Wednesday, June 5, 2013

Creating Supply and Demand At the Expense of the Working Poor

Creating Supply and Demand At the Expense of the Working Poor

The North Carolina General Assembly is rushing to make the life of the working poor ever more difficult, and at the same time making sure that the State Pension plan is in a position to take full of advantage of the distress.  Having absorbed a 2% increase in the payroll tax, thanks to the Federal Government, the working poor are likely to see their sales tax burden rise in North Carolina.  While the State House and Senate have slightly different approaches to “tax reform”, both bills broaden the sales tax to cover a variety of services.[1]  The sales tax is, of course, about as regressive as a tax can get.

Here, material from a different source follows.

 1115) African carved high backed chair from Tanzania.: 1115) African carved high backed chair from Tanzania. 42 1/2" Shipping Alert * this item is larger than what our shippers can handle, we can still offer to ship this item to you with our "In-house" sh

However, our esteemed legislature has a solution to the problem.  The State House is preparing to pass a slightly modified version of a personal loan bill already passed by the Senate.[2]  I wrote about the Senate bill in a post entitled “Our State Senate at Work:  Personal Loans for Hedge Funds [May 5, 2013].”  The bill increases the maximum size of personal loans as well as interest rate charged on these instruments. 

Design (2013)

The bill’s sponsors claim that the legislation will be good for North Carolina’s economy.  Really?  They also argue that the loan industry hasn’t been allowed a rate increase in a long time.[3]  The industry, which mainly consists of banks like BB&T hiding behind subsidiaries, can borrow money at ridiculously low interest rates.  As a result, their spread (what they charge customers versus what they pay to borrow money) is extremely wide.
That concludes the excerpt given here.